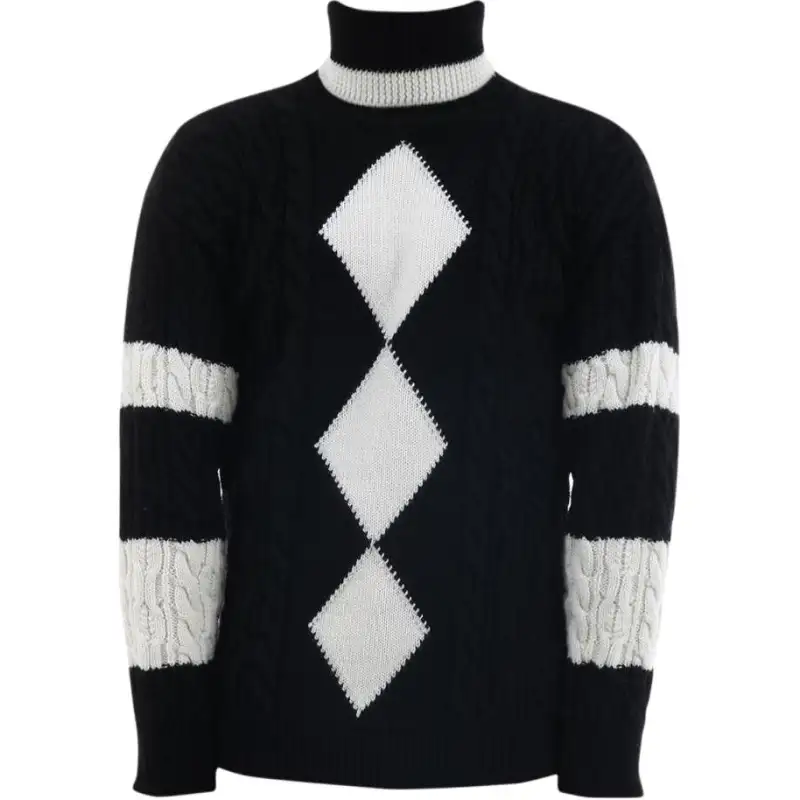 SAINT LAURENT Sweater Men's Black
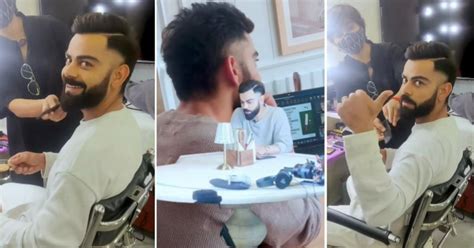 Virat Kohli’s Fresh Undercut And Ducktail Beard Gets Thumbs Up From Fans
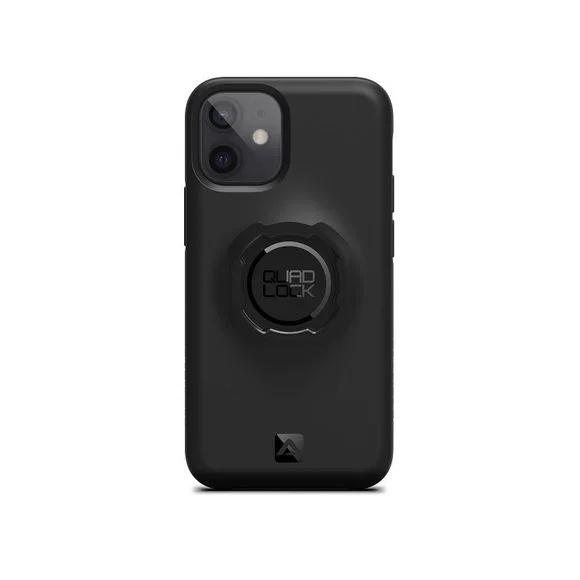 Coque de protection Quad Lock IPHONE 12 MINI Universel – Noir Ref : QDL0068 / 1117977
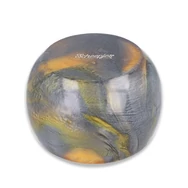 Scheepjes Black Metallic Marble - Yarn Bowl - Fonaltartó Tál - 15cm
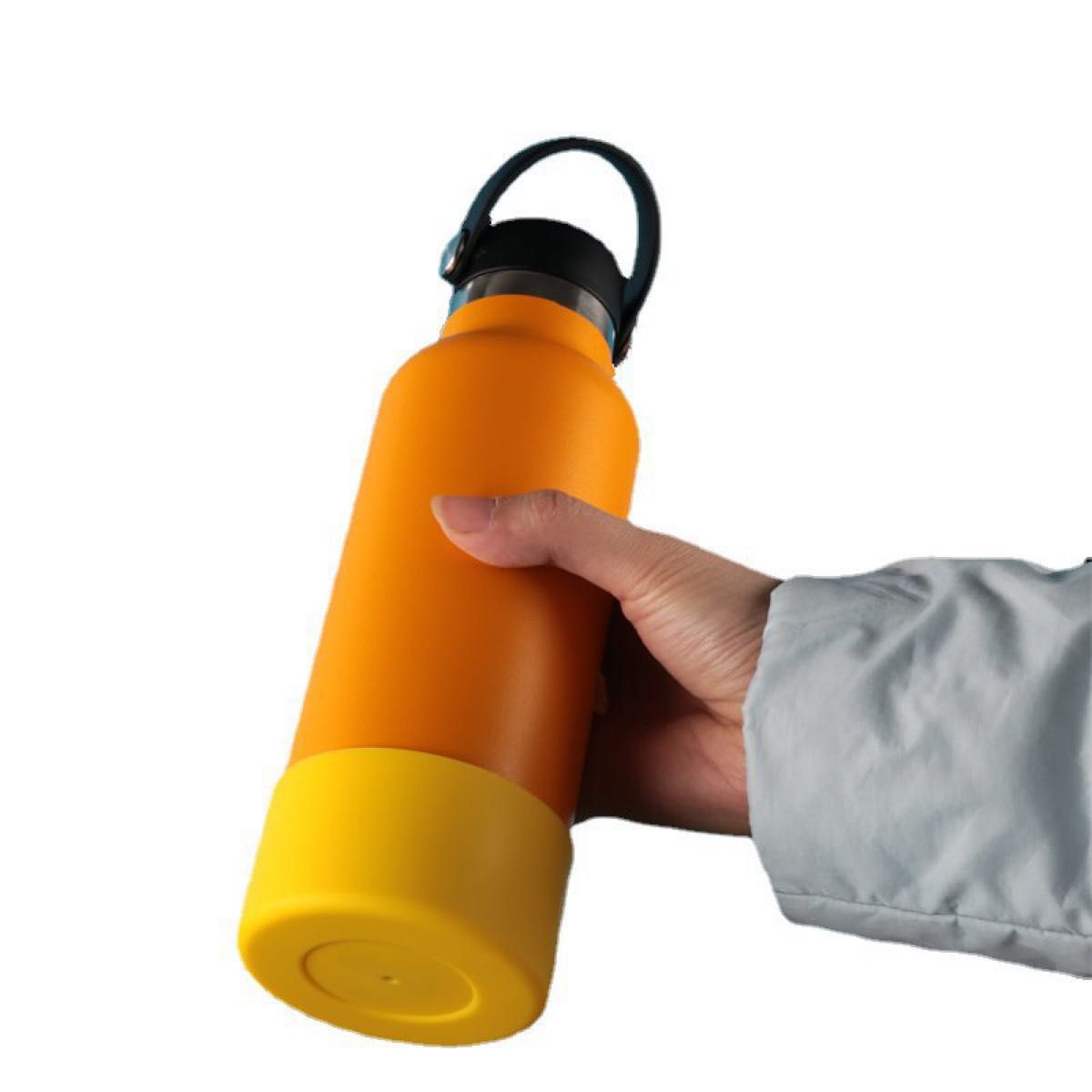 新品 水筒底カバー シリコン 90mm  透明 ボトル 底 キズ 防止 保護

==========

*WHAT TO DO:* Please reproduce, word for word, only the lines from the line that holds "Coque de protection" through the final line of the entries above, omitting any pictures.

*WRITTEN ANSWER:*
 Coque de protection Quad Lock IPHONE 12 MINI Universel – Noir Ref : QDL0068 / 1117977
 Scheepjes Black Metallic Marble - Yarn Bowl - Fonaltartó Tál - 15cm
 新品 水筒底カバー シリコン 90mm  透明 ボトル 底 キズ 防止 保護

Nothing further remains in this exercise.